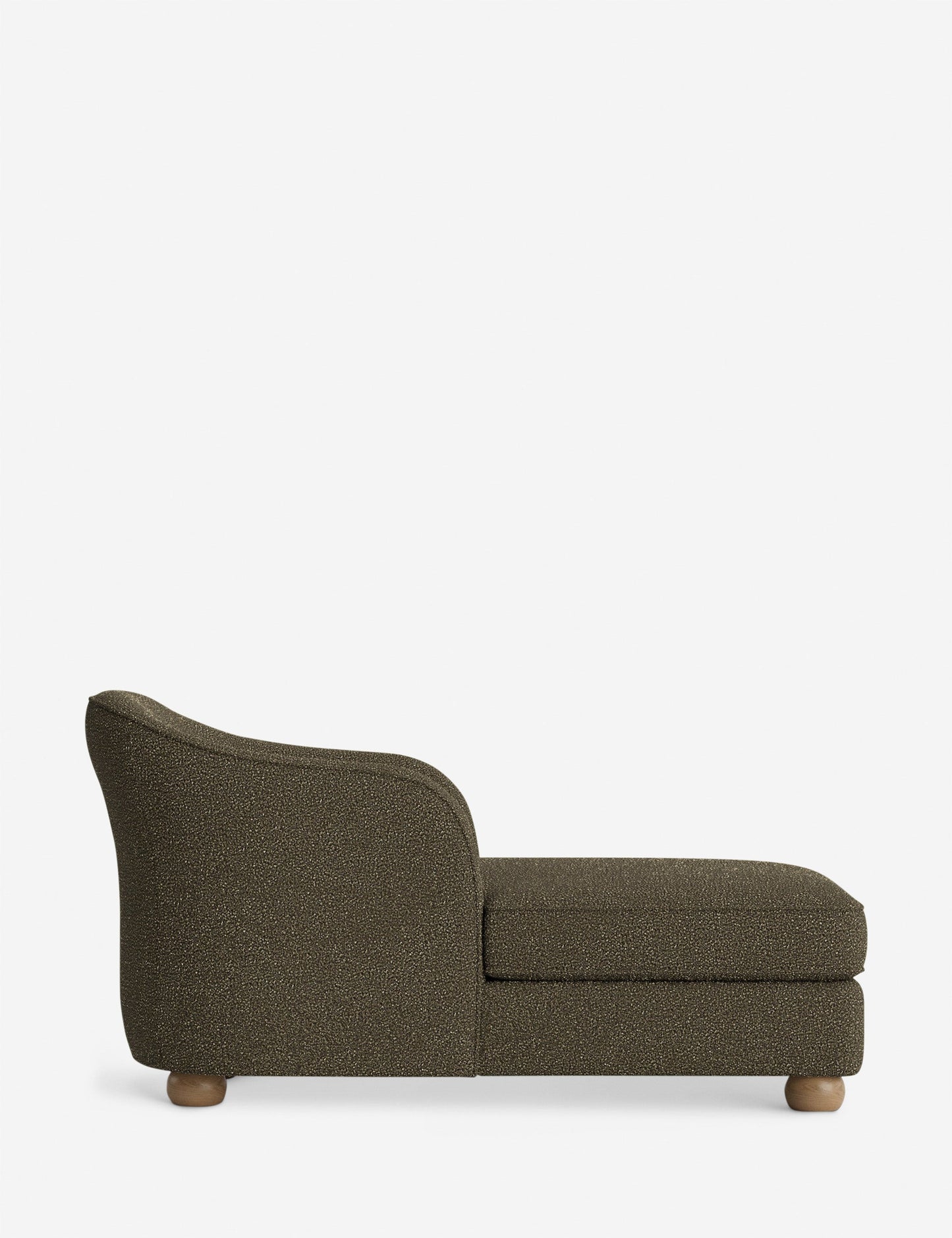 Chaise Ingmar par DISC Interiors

--

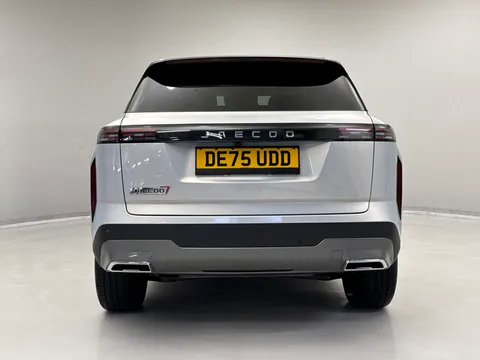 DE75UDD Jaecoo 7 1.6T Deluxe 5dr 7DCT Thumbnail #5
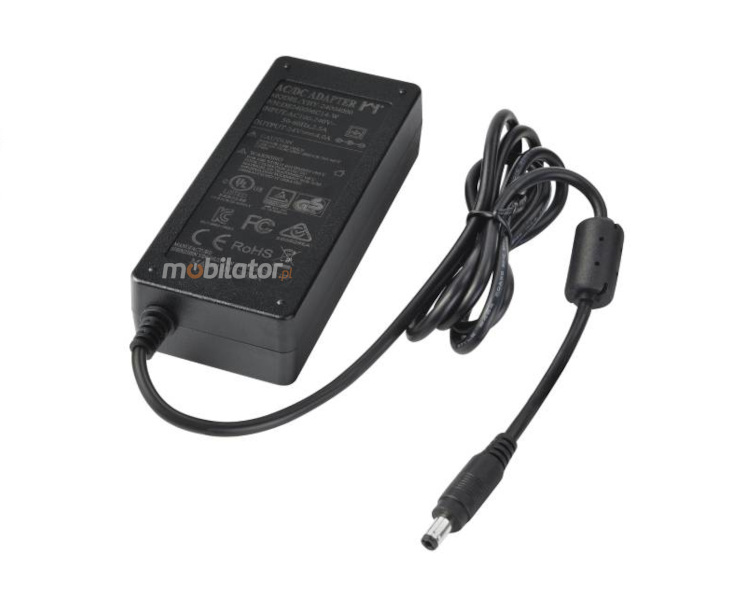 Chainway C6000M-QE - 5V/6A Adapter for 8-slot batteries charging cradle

---

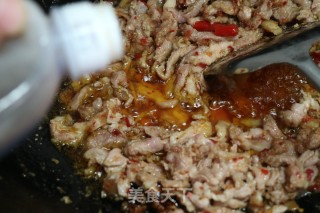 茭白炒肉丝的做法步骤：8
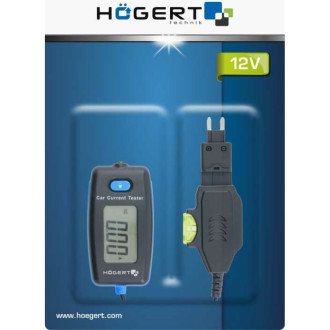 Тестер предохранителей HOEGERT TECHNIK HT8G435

--- Work instructions ---
Leaving all pictures out, output exactly the lines of the material above from the line with "DE75UDD Jaecoo 7" to the line with "Chainway C6000M-QE - 5V/6A", both included.

--- Expected answer ---
 DE75UDD Jaecoo 7 1.6T Deluxe 5dr 7DCT Thumbnail #5
 Chainway C6000M-QE - 5V/6A Adapter for 8-slot batteries charging cradle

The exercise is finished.